TASK DETAILS: Using the material below, print the line that contains "Filmrezension: The Platform", the line that contains "CCHE Nouveau bureau", and every line in between, exactly and nothing else.

DATASET:

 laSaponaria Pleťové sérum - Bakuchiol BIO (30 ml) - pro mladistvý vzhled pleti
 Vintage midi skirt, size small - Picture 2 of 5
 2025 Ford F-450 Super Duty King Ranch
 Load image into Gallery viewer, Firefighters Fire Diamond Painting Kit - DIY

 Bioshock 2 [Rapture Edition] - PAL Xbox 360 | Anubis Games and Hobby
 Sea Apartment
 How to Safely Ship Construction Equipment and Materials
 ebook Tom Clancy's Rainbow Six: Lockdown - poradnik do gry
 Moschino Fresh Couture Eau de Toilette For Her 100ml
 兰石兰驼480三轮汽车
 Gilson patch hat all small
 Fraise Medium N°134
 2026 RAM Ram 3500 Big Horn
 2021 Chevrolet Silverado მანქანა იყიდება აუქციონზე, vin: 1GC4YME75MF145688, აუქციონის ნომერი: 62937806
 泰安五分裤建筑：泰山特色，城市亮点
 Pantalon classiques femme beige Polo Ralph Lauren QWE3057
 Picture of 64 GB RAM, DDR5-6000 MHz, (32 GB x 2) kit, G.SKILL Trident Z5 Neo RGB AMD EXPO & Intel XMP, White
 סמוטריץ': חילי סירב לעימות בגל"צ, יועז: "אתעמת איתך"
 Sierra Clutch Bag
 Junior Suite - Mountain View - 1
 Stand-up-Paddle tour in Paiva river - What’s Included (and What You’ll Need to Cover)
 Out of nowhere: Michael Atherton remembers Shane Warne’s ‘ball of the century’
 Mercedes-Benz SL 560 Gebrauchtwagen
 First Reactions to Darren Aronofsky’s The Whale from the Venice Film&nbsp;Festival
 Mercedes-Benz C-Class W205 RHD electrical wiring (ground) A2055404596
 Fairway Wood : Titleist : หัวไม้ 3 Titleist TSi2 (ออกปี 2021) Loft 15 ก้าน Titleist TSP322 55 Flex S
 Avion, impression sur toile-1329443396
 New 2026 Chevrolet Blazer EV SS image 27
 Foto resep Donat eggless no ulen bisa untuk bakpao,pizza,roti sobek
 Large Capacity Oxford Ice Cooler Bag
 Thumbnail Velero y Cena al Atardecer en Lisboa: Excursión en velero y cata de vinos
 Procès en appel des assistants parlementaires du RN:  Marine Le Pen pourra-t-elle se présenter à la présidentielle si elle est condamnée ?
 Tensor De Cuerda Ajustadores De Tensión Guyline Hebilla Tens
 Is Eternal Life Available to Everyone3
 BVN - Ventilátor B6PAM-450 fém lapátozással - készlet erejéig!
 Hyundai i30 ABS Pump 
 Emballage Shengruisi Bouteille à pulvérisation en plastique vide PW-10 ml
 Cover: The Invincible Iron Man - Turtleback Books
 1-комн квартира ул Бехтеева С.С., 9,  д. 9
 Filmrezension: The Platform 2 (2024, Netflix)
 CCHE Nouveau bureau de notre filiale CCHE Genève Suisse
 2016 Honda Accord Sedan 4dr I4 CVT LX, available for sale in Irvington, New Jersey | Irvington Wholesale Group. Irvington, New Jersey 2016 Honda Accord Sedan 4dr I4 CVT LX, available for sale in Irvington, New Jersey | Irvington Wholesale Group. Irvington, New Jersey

SOLUTION FOR THIS TASK:
 Filmrezension: The Platform 2 (2024, Netflix)
 CCHE Nouveau bureau de notre filiale CCHE Genève Suisse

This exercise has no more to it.